The amazon ec2 is no good for sending email. It will most probably end in spam or will be refused by MX’es. There are two quick paths to avoid this problem. The first is offered as a solution by Amazon and it is sending email through Amazon SES. The second is to setup a relay that accepts email from instances and forwards it further.
The first one had some shortcomings for me, I didn’t want to “verify” all of the “from” addresses or domains I wanted my email to originate from, neither I wanted to have login info on ec2 instances. So I’ve stopped there and moved to the second option.
The second option means ec2 instances are clients that have to be somehow authorized by the relay. This is usually done by permitting IP addresses or by asking for authentication. When theoretically it is possible to setup a lookup of IP address in the list of currently running instances that seemed a rather long path to follow. Authentication could be easier to do but I had another option. I already use an internal PKI to achieve mutual SSL/TLS authentication between various services so why not to use it. After some reading, here is what I’ve got. Oh, this is naturally for postfix and most of the information for reading is available here.
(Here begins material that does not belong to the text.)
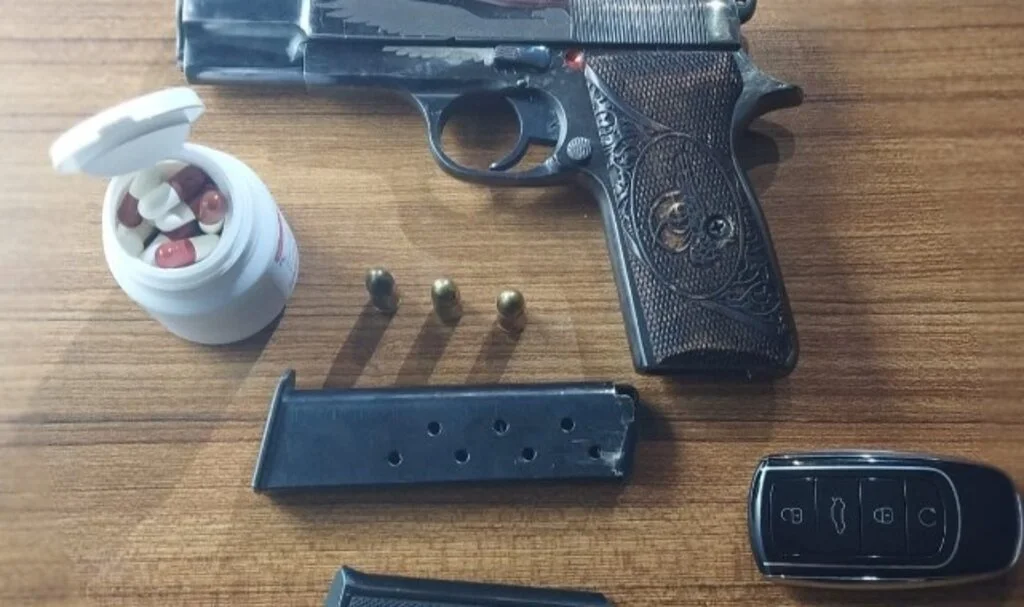 Samsun'da Çalıntı Araç Operasyonu: İki Gözaltı, Suç Unsurları Ortaya Çıkarıldı 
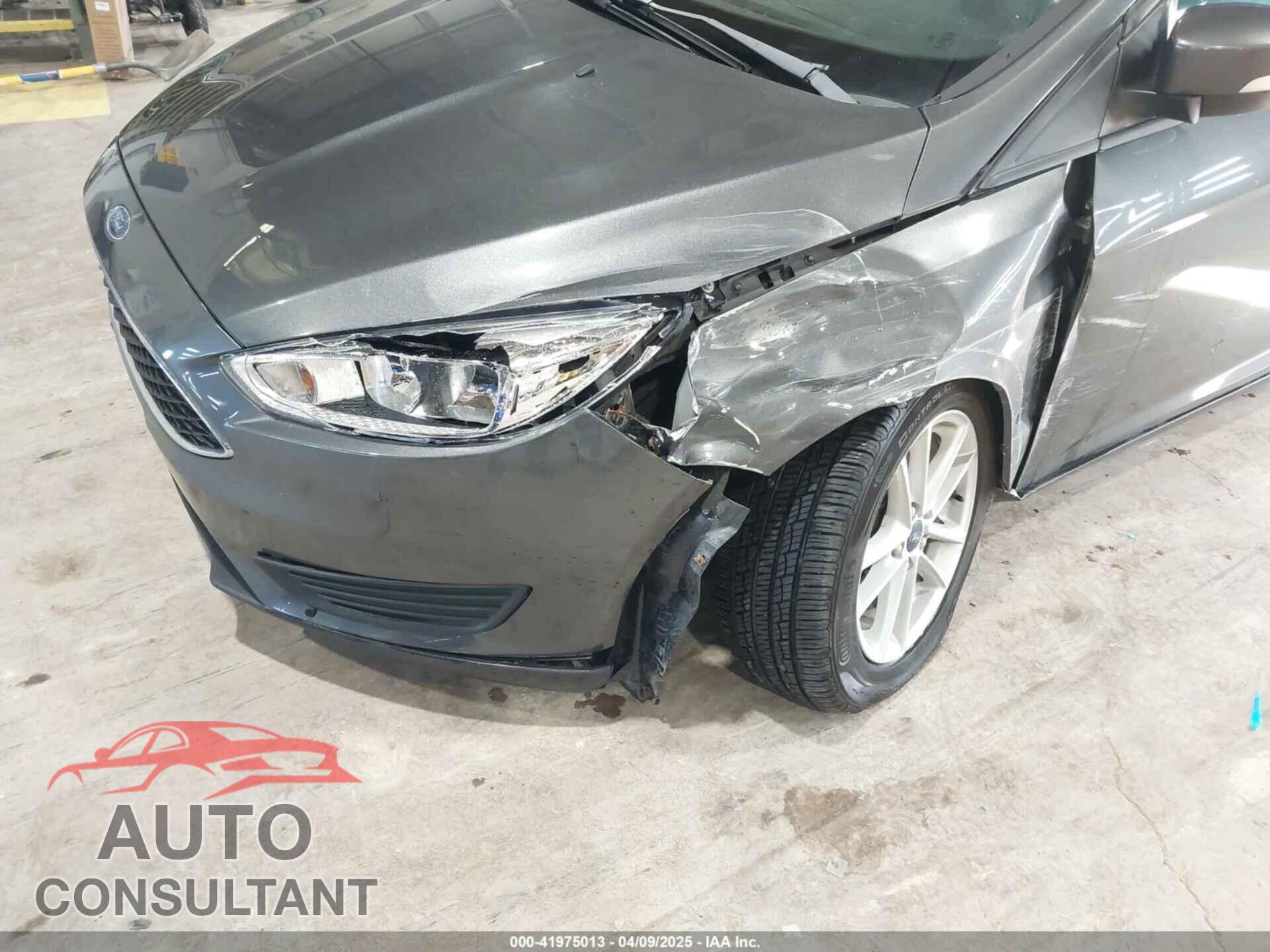 FORD FOCUS 2017 - 1FADP3F29HL220440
Note: below, “myrelay.fqdn” is a fully qualified domain name with a working DNS record and “myport” is the port number
On the sender side I setup the relayhost:
since all the mail will be relayed through the relayhost, it is now safe both to use a client certificate for authentication and verify the server’s certificate, naturally both signed by the same custom CA. Below is the relevan part of main.cf on the “client” side:
#the server connection
smtp_tls_policy_maps = hash:/etc/postfix/tls_policy
#don't forget to postmap it ^^^^^^^
#our CA and cert+key files
smtp_tls_CAfile = /path/to/ca.pem
smtp_tls_cert_file = /path/to/cert.pem
#loggin verbosity, may come handy
#smtp_tls_loglevel = 2
and the references tls_policy:
#server certificate has
#to be signed by a trusted
#CA and its CN should be "myrelay.fqdn"
[myrelay.fqdn]:myport secure protocols=TLSv1 match=myrelay.fqdn
Now to the other side. On the relay, I setup a separate service in master.cf to deal with the incoming mail from EC2:
myport inet n - n - - smtpd
# require encryption from clients
-o smtpd_tls_security_level=encrypt
# ask them to provide a client certificate
-o smtpd_tls_ask_ccert=yes
# our certs
-o smtpd_tls_cert_file=/path/to/server.crt
-o smtpd_tls_key_file=/path/to/server.key
-o smtpd_tls_CAfile=/path/to/ca.crt
# do not trust any others CA but the one loaded above
-o tls_append_default_CA=no
# relay all mail from clients with trusted certificates, drop all the rest
-o smtpd_recipient_restrictions=permit_tls_all_clientcerts,reject_unauth_destination
Start your engines, open the ports and fire an email. After some time fixing the obvious and expected errors, I’ve got the email relayed with something like this in the mail log:
Verified TLS connection established to myrelay[myip]:myport: TLSv1 with cipher DHE-RSA-AES256-SHA (256/256 bits)
#on server:
Trusted TLS connection established from ec2-xxx.eu-west-1.compute.amazonaws.com[ip]: TLSv1 with cipher DHE-RSA-AES256-SHA (256/256 bits)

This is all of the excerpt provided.